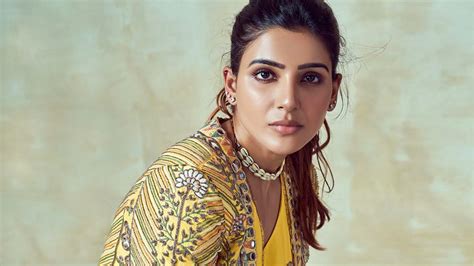 Samantha Akkineni Yellow Embroidered Arpita Mehta Jacket Rana Daggubati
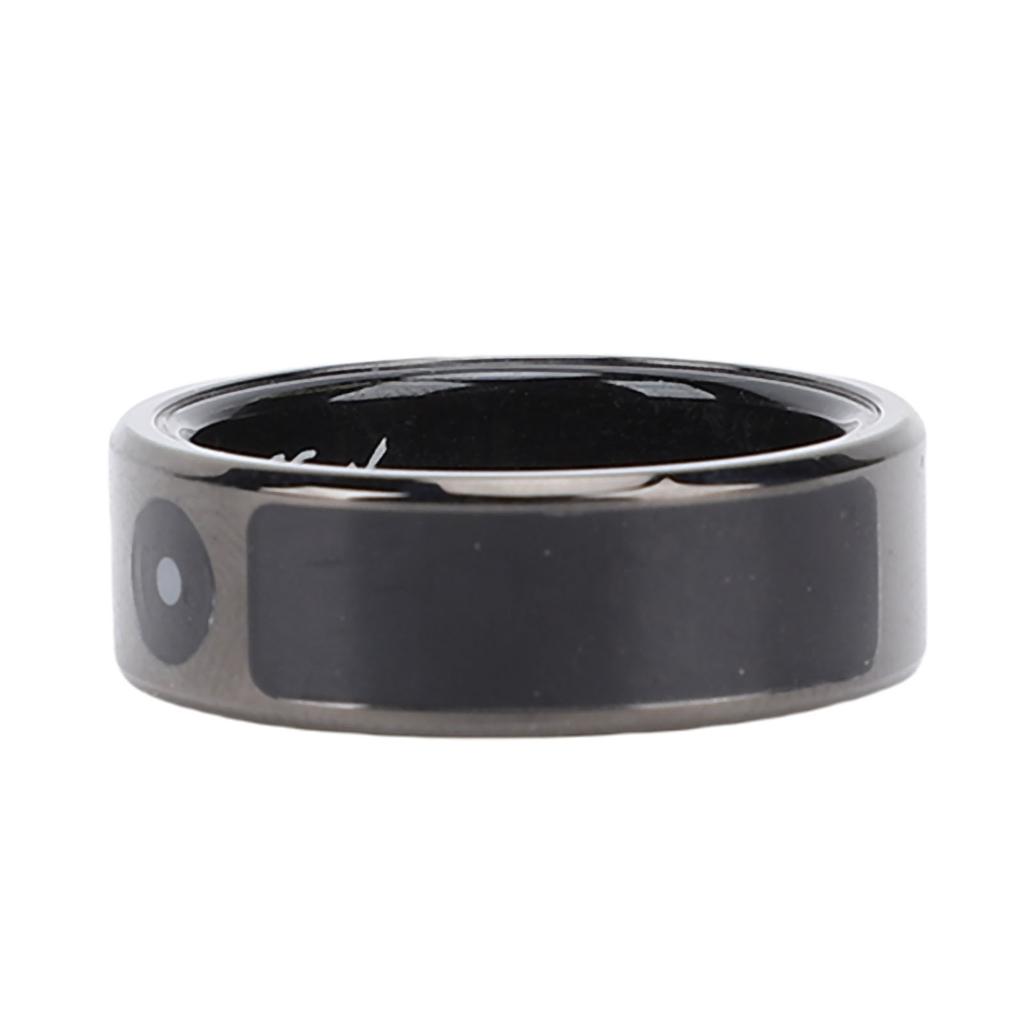 Touch Smart Ring for Women Men Fitness Tracker Ring with Color Display Screen Multiple Sports Modes
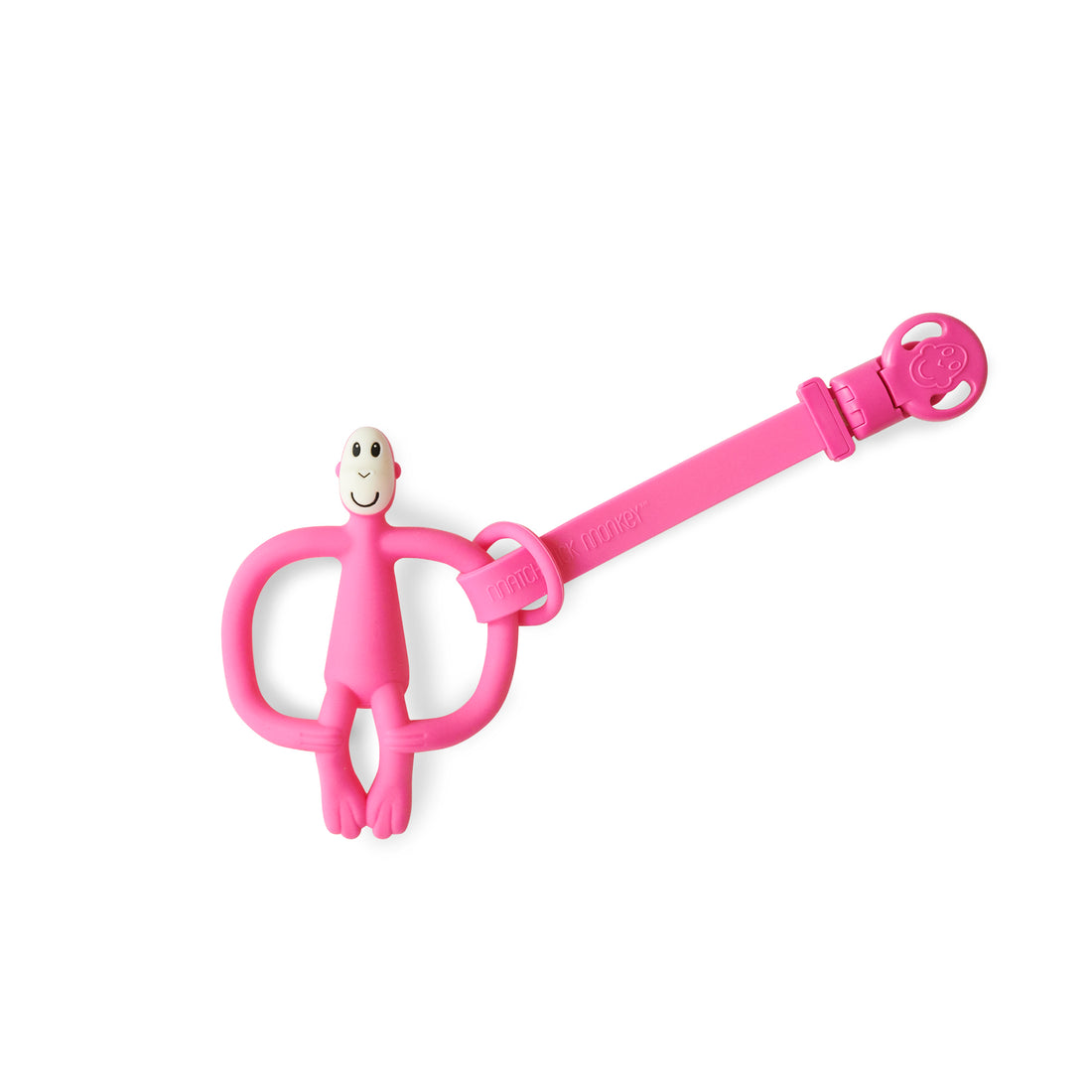 Pink Matchstick Monkey Animal Teether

EXERCISE OBJECTIVE: The task requires the full listing to be given again verbatim, without its pictures.

OUTPUT FOR THIS TASK:
 Samantha Akkineni Yellow Embroidered Arpita Mehta Jacket Rana Daggubati
 Touch Smart Ring for Women Men Fitness Tracker Ring with Color Display Screen Multiple Sports Modes
 Pink Matchstick Monkey Animal Teether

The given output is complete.